3.4 Fine-tuned GenerRNA generates protein-binding RNAs
In natural language processing, fine-tuning a pre-trained model on specific tasks boosts task-specific performance or generates articles in a particular style while retaining a general understanding of language syntax, grammar, and semantics. Such a procedure necessitates relatively fewer data and computational resources. In our study, we fine-tuned the GenerRNA using RNA data binding to specific proteins, and estimated the affinity scores between the generated sequences and target proteins using in silico computational methods.
As depicted in Fig 6, sequences generated by GenerRNA exhibit a pronounced specificity toward the target protein.
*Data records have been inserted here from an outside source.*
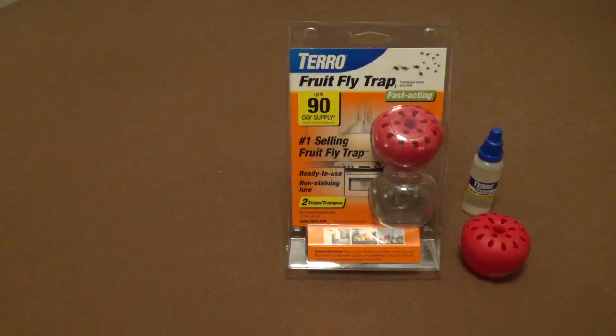After 45 days, you just throw it out, and then if you need to, you can set up the other trap. So it's just an easy, non-toxic way to get rid of fruit flies in your home. Thank you.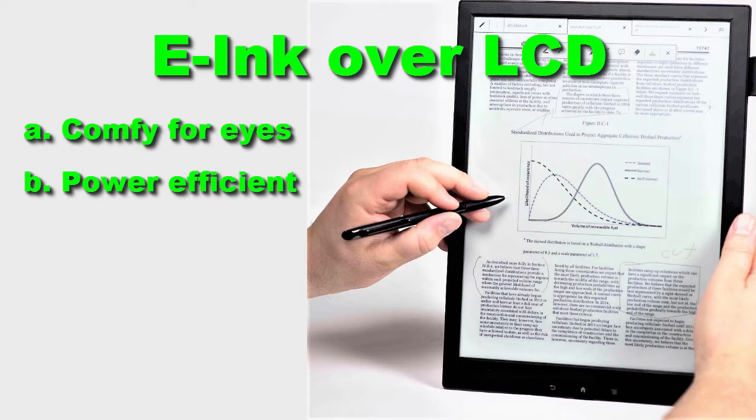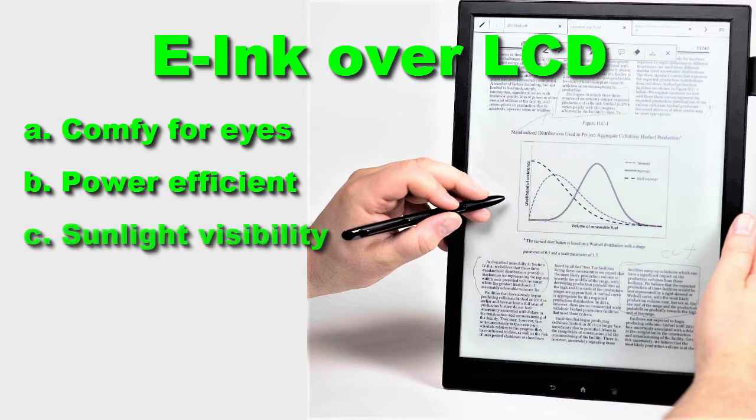The second reason is power efficiency. Because it reflects light, and when the e-ink display refreshes, it only changes the moving parts on the display — it doesn't refresh the whole screen, only the dots that are moving. This saves a lot of power, which is why your e-reader can last weeks for reading. When you turn a page, some parts of the screen stay the same and don't need to refresh.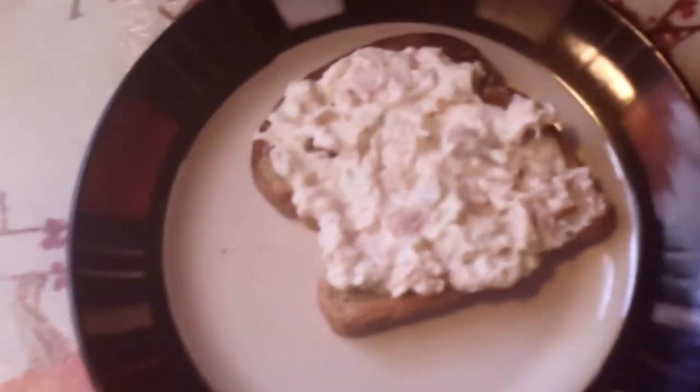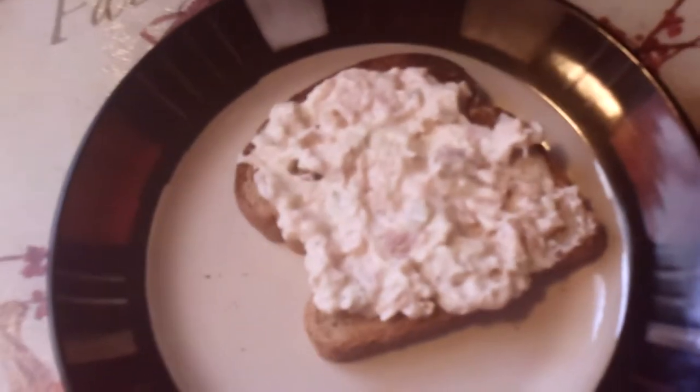I'll have a small salad with it, and some fruit. And there's a close-up of the chicken salad. I've had it before — it's really good.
For both examined proteins, the affinity scores of the generated sequences not only significantly exceed those of the negative test set but also marginally surpass the mean scores observed in the positive test set. Specifically, for ELAVL1, the average affinity score of generated RNAs was 0.872 compared to 0.850 in the positive test set, and for SRSF1, it was 0.720 versus 0.713. Furthermore, homology searches reveal that only a small fraction of the RNA sequences generated by GenerRNA that bind to ELAVL1 and SRSF1 proteins formed identical alignments with binding sequences, with 2.20% for ELAVL1 and 1.30% for SRSF1. Notably, a majority of the sequences, 70.9% for ELAVL1 and 67.2% for SRSF1, were not aligned with any known binding sequences (The identity distribution of aligned sequences can be found in S7 Fig in S1 File). As illustrated in Fig 5b., many instances of RNA with high-affinity scores were observed even among sequences with less than 90% identity or those that did not form alignments. It is important to mention that the tool adopted for our homology analyses is highly sensitive, and we have intentionally set more relaxed thresholds to bolster the detection sensitivity for alignments.
Furthermore, we performed a comparative analysis of RNA sequences generated by RNAGEN (S1 Note in S1 File). On the ELAVL1 dataset, RNAGEN produced sequences that, while more closely resembling the training data, exhibited slightly lower average affinity scores compared to those generated by GenerRNA (0.773 vs 0.872). As for the SRSF1 protein, we were unable to successfully train a model capable of generating effective binding sequences. However, it is important to note that RNAGEN’s complete workflow includes an additional indirect optimization targeting specific proteins. However, we opted not to utilize this approach for two main reasons: first, RNAGEN depends on existing trained DeepBind models to target proteins, but the repository hosting these models has been inaccessible for an extended period; second, optimizing RNAGEN with DeepBind and subsequently evaluating the sequences using similar computational models could undermine the objectivity of our evaluation, as it would not accurately reflect the generative model’s performance under standard conditions. Thus, although our comparison does not fully exploit RNAGEN’s capabilities, it demonstrates that in the absence of external knowledge, GenerRNA’s Transformer-based model more effectively captures the critical features of RNA sequences.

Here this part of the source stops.